New Research on How Our Political Beliefs are Shaped by Party Leaders
Political scientists have long realized that there is a substantial "team effect" in politics, meaning that political party leaders have the power to shape the beliefs of their voters, even to dramatically alter their opinions. The theory is that many voters will change their views on specific issues to stay aligned with their party's message and remain part of the "team."
For instance, in the United States many researchers have been surprised by how easily Donald Trump altered the long-held views of Republican voters on issues such as trade, Russia, and relations with North Korea.
Professors Rune Slothuus and Martin Bisgaard of Aarhus University in Denmark have just published new research on the phenomenon in the American Journal of Political Science. They found that political party elites have a remarkable ability to impact the beliefs of their rank and file members, even on high-stakes policy issues.
AJPS: "How powerful are political parties in shaping citizens' opinions? Despite long‐standing interest in the flow of influence between partisan elites and citizens, few studies to date examine how citizens react when their party changes its position on a major issue in the real world. We present a rare quasi‐experimental panel study of how citizens responded when their political party suddenly reversed its position on two major and salient welfare issues in Denmark. With a five‐wave panel survey collected just around these two events, we show that citizens' policy opinions changed immediately and substantially when their party switched its policy position—even when the new position went against citizens' previously held views. These findings advance the current, largely experimental literature on partisan elite influence."
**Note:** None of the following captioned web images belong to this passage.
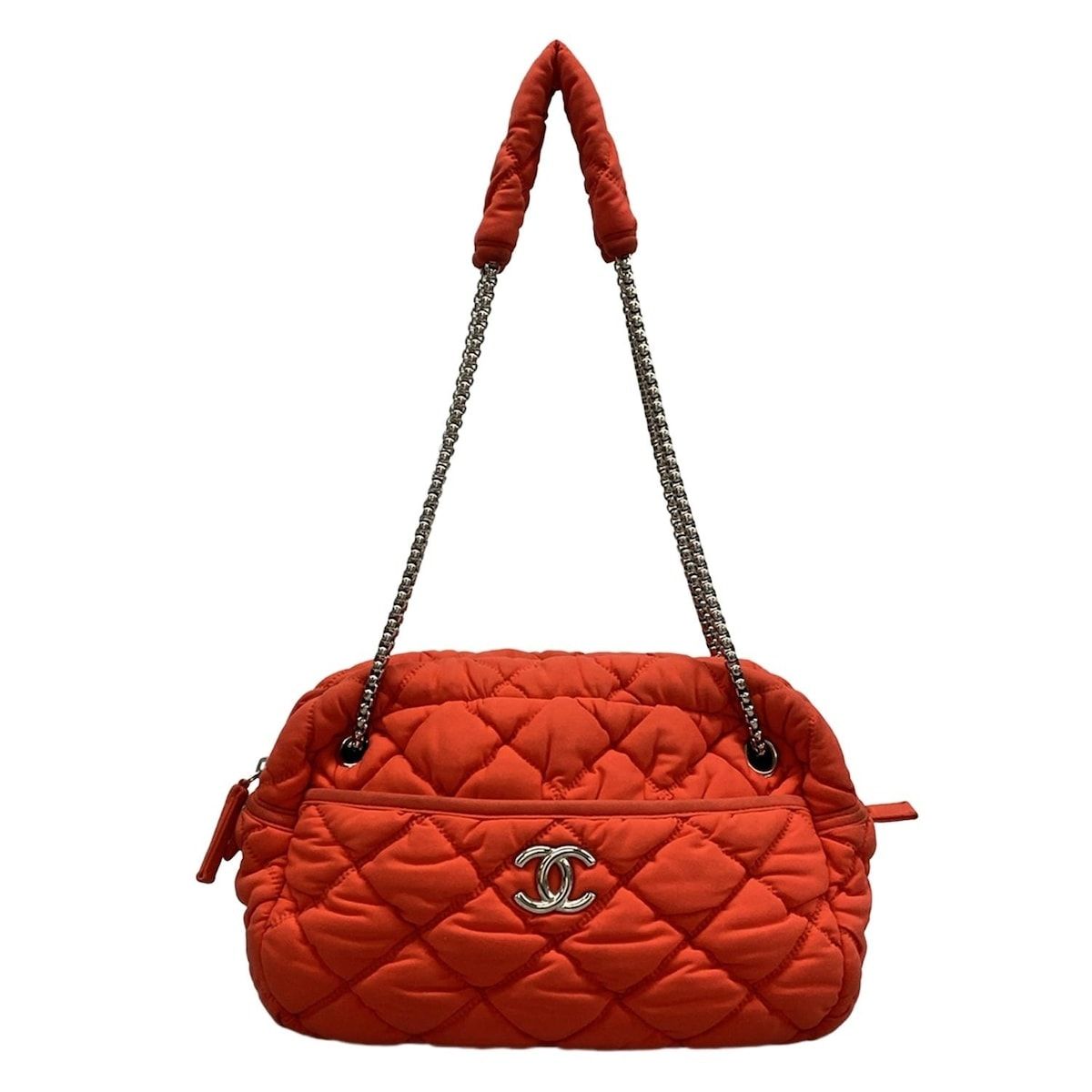 CHANEL(シャネル) ショルダーバッグ バブルキルト レッド チェーン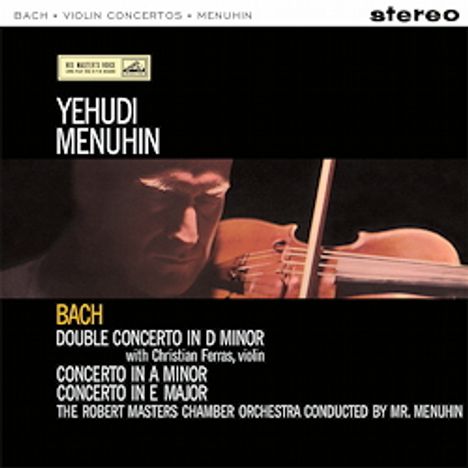 Johann Sebastian Bach (1685-1750): Violinkonzerte BWV 1041-1043 (180g), LP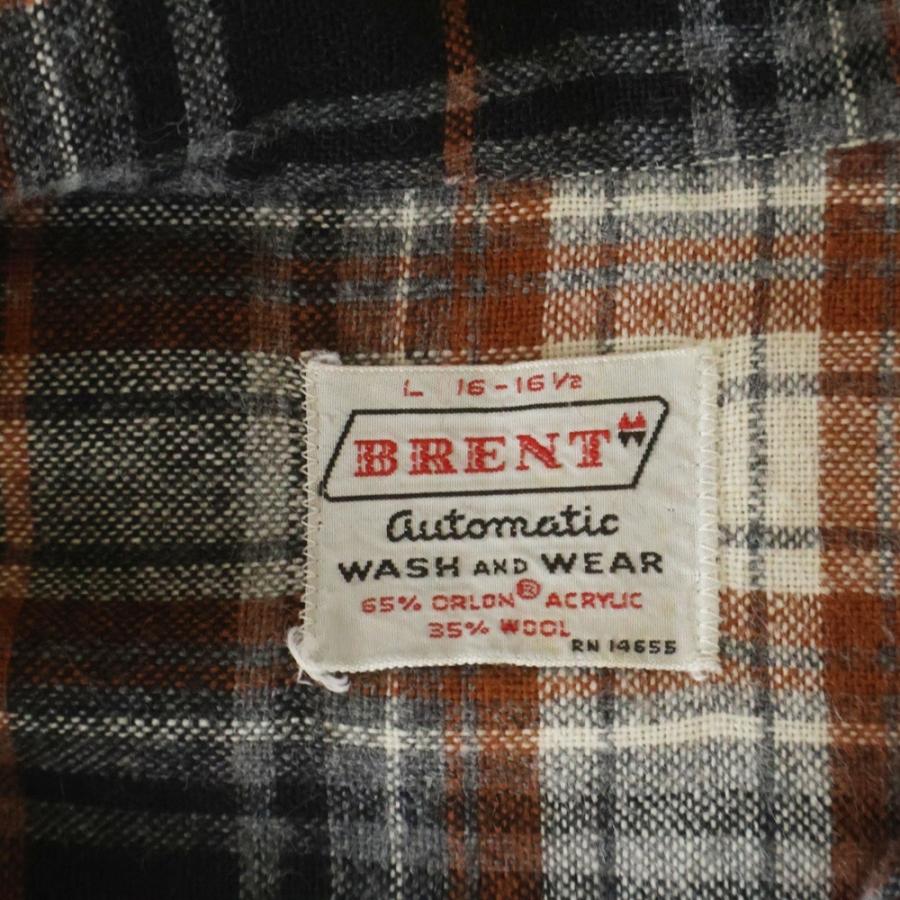 VINTAGE ヴィンテージ 60s BRENT FLANNEL CHECK L/S SHIRT フランネル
Their research was conducted in Denmark, but the authors see clear parallels to politics in America. And it does help to explain why Republicans in the age of Donald Trump aren't outraged by Russian meddling in our campaigns and have become the party of high tariffs and other restraints on international trade. It certainly isn't the party of Ronald Reagan anymore.
One of the most interesting aspects of this line of research is that it changes our views on representative democracy. The traditional view is that voters elect individuals that represent their interests and beliefs, but these findings show that it's actually a two-way street. Elected representatives are also shaping and reshaping the views of those that elected them.